Segment Start: Given records

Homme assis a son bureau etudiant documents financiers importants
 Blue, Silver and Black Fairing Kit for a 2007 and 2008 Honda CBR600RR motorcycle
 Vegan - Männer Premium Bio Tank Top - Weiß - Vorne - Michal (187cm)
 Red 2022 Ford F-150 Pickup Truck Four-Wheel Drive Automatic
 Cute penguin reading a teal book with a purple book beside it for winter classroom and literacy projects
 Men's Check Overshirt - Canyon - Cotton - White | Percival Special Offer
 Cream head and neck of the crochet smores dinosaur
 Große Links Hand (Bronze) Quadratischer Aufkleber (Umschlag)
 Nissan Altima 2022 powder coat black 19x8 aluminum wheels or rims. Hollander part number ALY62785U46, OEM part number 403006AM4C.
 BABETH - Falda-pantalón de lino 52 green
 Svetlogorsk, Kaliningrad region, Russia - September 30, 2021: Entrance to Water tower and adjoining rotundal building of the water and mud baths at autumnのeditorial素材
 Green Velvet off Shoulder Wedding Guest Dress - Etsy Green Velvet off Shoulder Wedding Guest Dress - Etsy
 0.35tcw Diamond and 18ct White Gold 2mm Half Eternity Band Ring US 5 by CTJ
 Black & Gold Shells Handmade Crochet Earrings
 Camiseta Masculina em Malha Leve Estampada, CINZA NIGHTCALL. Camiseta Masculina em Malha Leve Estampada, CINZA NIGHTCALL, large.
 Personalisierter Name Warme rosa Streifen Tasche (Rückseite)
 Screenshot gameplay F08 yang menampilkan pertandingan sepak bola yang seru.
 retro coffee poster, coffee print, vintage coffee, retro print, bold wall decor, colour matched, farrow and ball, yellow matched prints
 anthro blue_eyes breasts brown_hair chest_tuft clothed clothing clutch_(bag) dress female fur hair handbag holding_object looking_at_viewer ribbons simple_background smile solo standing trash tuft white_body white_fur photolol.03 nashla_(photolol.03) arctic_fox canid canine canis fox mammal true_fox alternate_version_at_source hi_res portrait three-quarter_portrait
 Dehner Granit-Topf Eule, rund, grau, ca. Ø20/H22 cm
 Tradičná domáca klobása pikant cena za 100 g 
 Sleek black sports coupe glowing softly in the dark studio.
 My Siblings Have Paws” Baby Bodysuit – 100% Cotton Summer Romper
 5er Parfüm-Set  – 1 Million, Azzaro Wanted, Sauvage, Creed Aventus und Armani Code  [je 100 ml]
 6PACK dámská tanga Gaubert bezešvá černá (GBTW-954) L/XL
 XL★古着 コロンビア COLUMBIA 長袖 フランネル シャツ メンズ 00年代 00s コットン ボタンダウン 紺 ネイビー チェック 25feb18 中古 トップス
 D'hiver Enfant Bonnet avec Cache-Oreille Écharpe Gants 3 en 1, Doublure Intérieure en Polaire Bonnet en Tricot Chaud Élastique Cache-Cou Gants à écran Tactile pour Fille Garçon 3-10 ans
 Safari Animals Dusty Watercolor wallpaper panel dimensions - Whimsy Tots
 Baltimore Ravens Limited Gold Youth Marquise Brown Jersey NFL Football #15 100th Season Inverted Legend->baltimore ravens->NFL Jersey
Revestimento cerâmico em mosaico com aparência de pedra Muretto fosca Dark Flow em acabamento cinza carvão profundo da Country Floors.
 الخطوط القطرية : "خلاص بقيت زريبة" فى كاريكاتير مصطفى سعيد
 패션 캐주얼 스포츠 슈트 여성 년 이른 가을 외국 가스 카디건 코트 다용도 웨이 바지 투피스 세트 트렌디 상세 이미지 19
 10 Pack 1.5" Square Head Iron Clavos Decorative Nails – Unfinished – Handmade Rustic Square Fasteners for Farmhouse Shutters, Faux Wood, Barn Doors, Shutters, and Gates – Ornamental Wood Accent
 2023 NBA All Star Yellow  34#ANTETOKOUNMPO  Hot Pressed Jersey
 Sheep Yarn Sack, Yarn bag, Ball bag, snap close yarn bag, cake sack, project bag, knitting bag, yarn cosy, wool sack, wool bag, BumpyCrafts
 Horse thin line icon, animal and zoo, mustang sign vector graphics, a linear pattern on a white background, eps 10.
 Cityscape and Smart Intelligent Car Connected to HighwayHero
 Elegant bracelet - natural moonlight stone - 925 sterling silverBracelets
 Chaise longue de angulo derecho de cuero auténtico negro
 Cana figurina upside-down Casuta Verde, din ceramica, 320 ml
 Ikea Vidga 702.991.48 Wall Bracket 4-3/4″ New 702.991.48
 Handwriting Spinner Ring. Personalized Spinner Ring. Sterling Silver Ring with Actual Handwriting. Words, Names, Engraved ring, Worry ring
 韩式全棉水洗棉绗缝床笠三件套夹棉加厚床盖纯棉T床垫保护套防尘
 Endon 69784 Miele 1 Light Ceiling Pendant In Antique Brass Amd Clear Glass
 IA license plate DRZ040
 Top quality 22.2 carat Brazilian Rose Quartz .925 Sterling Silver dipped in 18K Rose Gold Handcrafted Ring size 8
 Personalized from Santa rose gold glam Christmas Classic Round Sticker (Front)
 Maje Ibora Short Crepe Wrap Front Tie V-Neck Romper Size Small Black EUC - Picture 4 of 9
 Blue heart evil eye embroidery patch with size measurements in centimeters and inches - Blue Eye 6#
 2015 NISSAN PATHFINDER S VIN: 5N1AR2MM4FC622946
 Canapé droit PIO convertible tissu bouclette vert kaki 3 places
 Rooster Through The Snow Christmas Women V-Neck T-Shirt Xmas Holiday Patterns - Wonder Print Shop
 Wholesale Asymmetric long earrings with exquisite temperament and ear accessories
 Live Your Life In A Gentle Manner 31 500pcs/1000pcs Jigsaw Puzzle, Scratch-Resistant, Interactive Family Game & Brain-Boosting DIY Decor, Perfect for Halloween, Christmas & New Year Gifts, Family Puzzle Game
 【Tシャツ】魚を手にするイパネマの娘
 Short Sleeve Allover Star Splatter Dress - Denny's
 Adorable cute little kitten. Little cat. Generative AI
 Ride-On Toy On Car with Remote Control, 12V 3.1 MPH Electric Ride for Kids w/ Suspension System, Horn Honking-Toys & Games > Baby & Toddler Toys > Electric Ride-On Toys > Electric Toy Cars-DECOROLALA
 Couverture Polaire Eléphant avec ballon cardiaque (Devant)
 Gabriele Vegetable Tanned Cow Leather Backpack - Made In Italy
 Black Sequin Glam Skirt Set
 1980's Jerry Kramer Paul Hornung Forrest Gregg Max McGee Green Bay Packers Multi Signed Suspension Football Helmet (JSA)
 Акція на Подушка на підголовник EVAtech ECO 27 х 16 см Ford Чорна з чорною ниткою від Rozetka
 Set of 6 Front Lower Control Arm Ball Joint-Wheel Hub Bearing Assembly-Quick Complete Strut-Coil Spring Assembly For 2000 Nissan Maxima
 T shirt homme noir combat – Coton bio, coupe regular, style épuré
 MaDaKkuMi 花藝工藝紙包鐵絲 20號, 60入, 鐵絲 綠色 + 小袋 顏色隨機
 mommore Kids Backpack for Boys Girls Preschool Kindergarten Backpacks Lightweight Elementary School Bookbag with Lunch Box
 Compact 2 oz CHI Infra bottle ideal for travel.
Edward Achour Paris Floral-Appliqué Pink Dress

Segment End: Given records

Copy, without any change, the run of lines from the one with "Compact 2 oz" through the end of the entries above.

 Compact 2 oz CHI Infra bottle ideal for travel.
Edward Achour Paris Floral-Appliqué Pink Dress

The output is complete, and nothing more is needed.